Try it:
Each line of the listing must be transcribed exactly, except for the images, which should be excluded.

Supplied data:
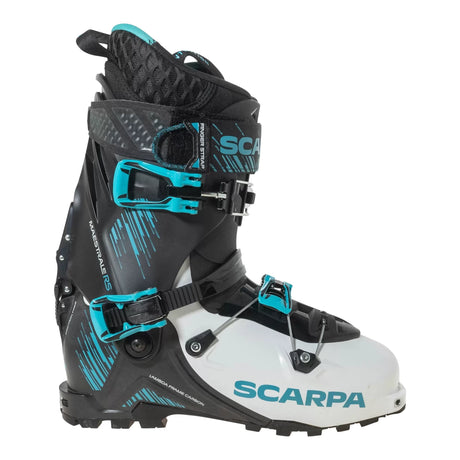 30Blue/Black/White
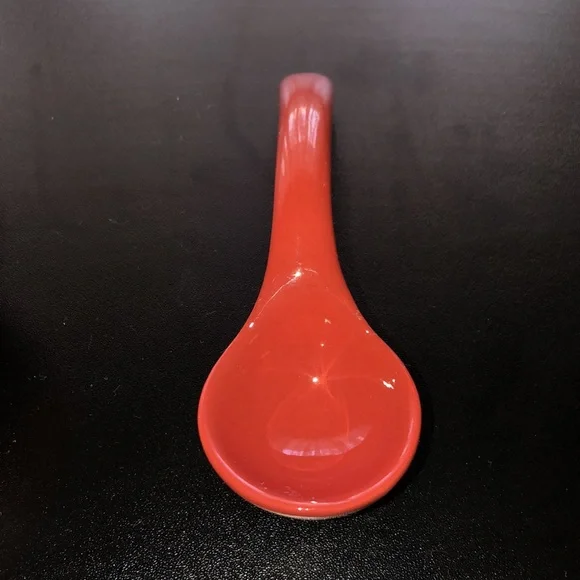 NEW LISTING! Vintage Condiment/Gravy Dish - Picture 4 of 5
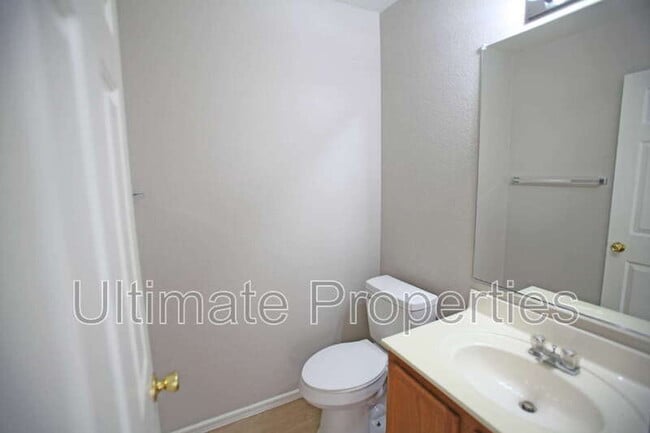 Building Photo - 12885 N Tonya St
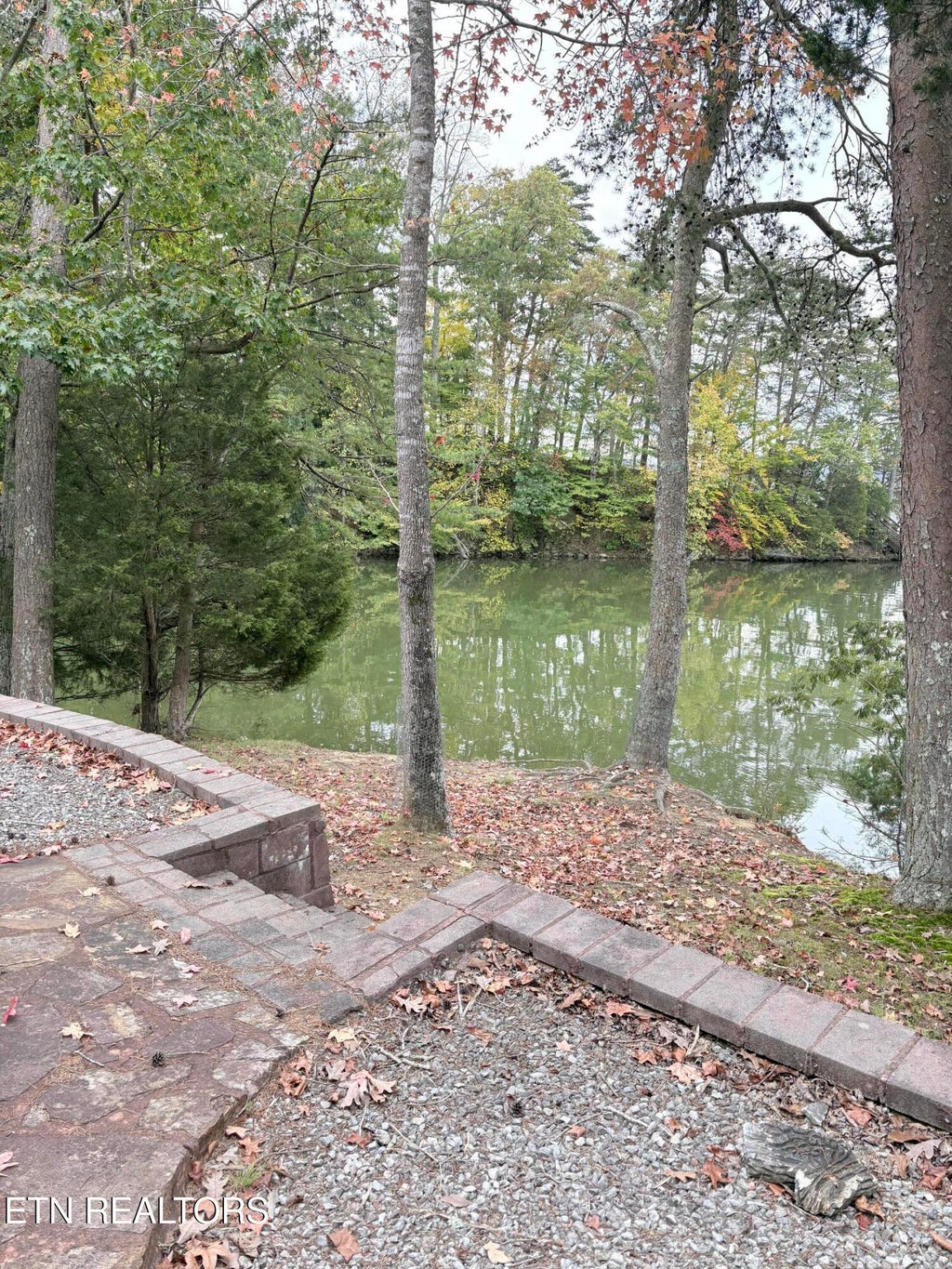 Photo of 192 Mainsail Rd, Kingston, TN 37763 (MLS # 1360680)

Result below:
 30Blue/Black/White
 NEW LISTING! Vintage Condiment/Gravy Dish - Picture 4 of 5
 Building Photo - 12885 N Tonya St
 Photo of 192 Mainsail Rd, Kingston, TN 37763 (MLS # 1360680)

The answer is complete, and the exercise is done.